The new FP line also includes black and white films: FP-100B Super (ISO
100) and FP-3000B Super Speedy (EI 3200). Both promise rich gradation
and high resolution plus high stability. The fast film develops in just
15 seconds, while the slow film was designed for excellent results in
varied lighting conditions and during exposures as long as 10 seconds.

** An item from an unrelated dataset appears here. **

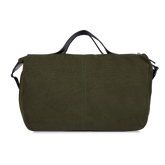Borsone da viaggio in pelle e tessuto con tracolla - GREEN | The Bridge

While the black and white Fuji
Neopan 100 ACROS is not a new film, it will finally be available in a
4x5 QuickLoad format version that large format photographers have been
eagerly awaiting for some time. This "slow" film offers ultrahigh
image quality, rich gradation, outstanding sharpness, excellent reciprocity
characteristics in long exposures, and can be processed with a broad variety
of developers and fixers.
Although we do not generally cover single-use cameras, a couple of new
products are worth noting. Konica's Film-In Super Wide camera--with
award-winning Centuria Super 800 film--employs a 17mm lens for a
super wide angle of view. Its flash unit was designed for good results
with subjects as close as 16", allowing for tight close-ups and
even for self-portraits.
During the PMA Show, Kodak's new Plus Digital 35mm camera attracted
a lot of interest. (It costs about $10.) This is basically a Max HQ model,
with a 30mm, two-element aspheric lens, and flash. Also, it comes loaded
with Max 800 film. The "twist" is a unique coding system that
ensures that customers automatically receive a Picture CD of all images--at
no additional charge--when they purchase the Kodak premium printing
service. This approach is intended to interest more snapshooters in digital
imaging, in a simple and economical manner. Each Picture CD includes free
software that allows the consumer to zoom and crop, remove redeye, and
send images by e-mail in an uncomplicated and quick manner.